To name just a few, The Bob Marley estate now ships a full line of darn good headphones, boom boxes and apparel under the House of Marley brand. Heavy metal act Motorhead sells some decent headphones. And then there is Ludacris' Soul line, which counts no less than Tim Tebow and Usain Bolt as branded sponsors.

That would be merely stiff competition save for one fact: headphones take advantage of a rare gap in electronics: the contempt Steve Jobs must have had for audio quality. For reasons nobody has ever explained, Apple ( AAPL) devices including iPods, iPhones and iPads ship with what I find to be some of the worst-quality earphones on the market. That leaves space for new entrants, a space that simply doesn't exist in smartphone imaging peripherals.

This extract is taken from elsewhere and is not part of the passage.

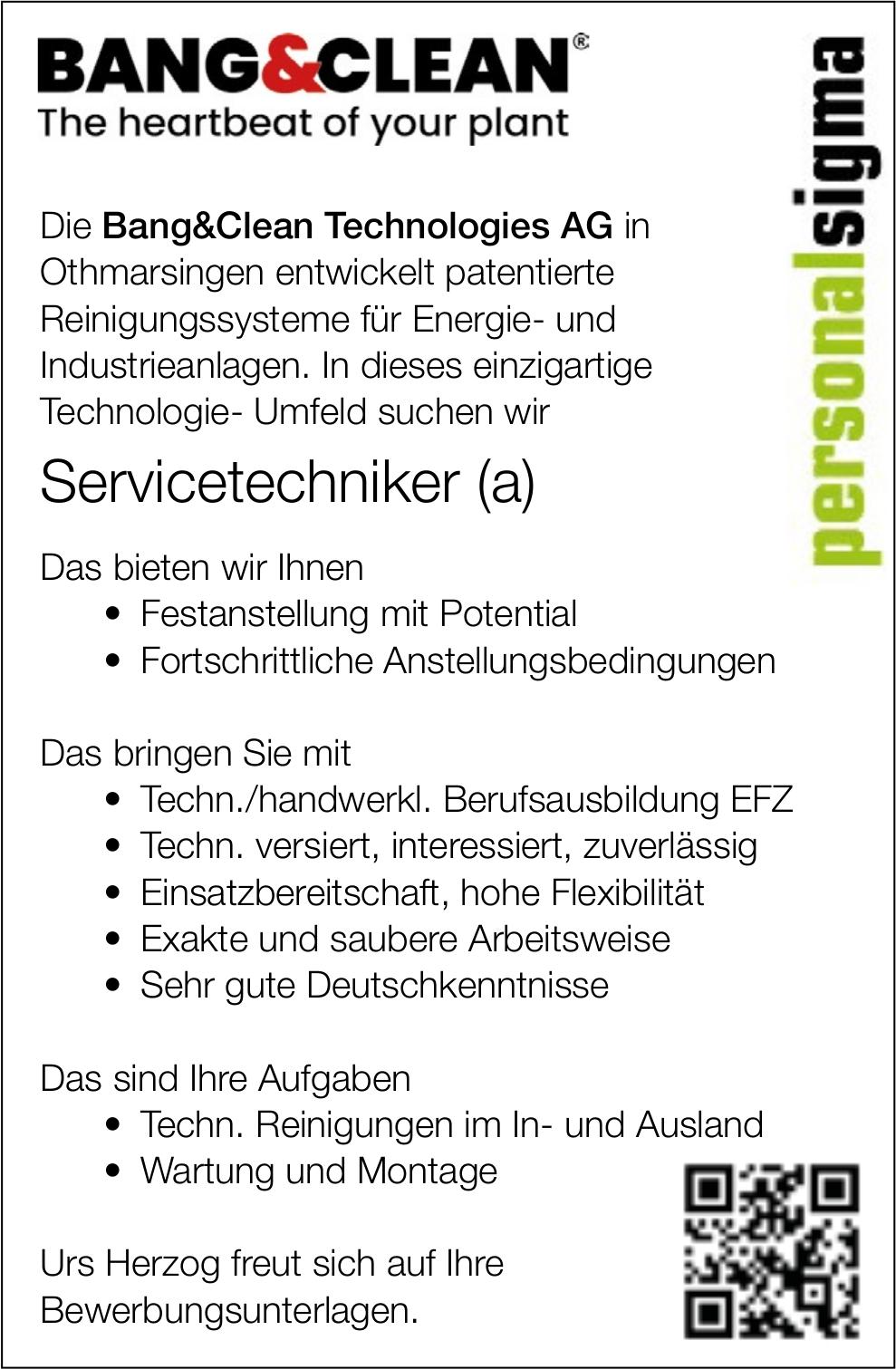 Servicetechniker (a), Bang&Clean Technologies AG, Gesucht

Never mind that in-phone cameras and apps are becoming ludicrously powerful (ever heard of Instagram?). Will.i.am competes with a tidal wave of iPhoto add-ons. Take Photojojo, which sells a $30 iPhone lens from Hong Kong-based Holga that takes surprisingly interesting photos with a simple snap-on color wheel. Or, for $70, try the Huntington Beach, Calif.-based olloclip, a three-in-one iPhone lens that also takes darn good pictures.

"It is going to be hard to see what a $400 iPhone camera will do in this market," Smits told me.

I dig Will.i.am's track Scream & Shout as much as the next wanna-be DJ. But he's far from the only star peddling his name in technology. Far bigger names including Serena Williams, Leonardo DiCaprio, Bono, Justin Bieber and Kanye West (and, in a different way, Justin Timberlake with MySpace) all are flogging tech bets.

"I made this thing because I don't want to be a rapper anymore," Will.i.am joked on the Las Vegas stage. Considering what those performers make -- and the tough road he's chosen for himself in electronics, he might want to keep his options open.

A simple iPhone camera just ain't gonna go platinum here in the digital hood.
This commentary comes from an independent investor or market observer as part of TheStreet guest contributor program. The views expressed are those of the author and do not necessarily represent the views of TheStreet or its management.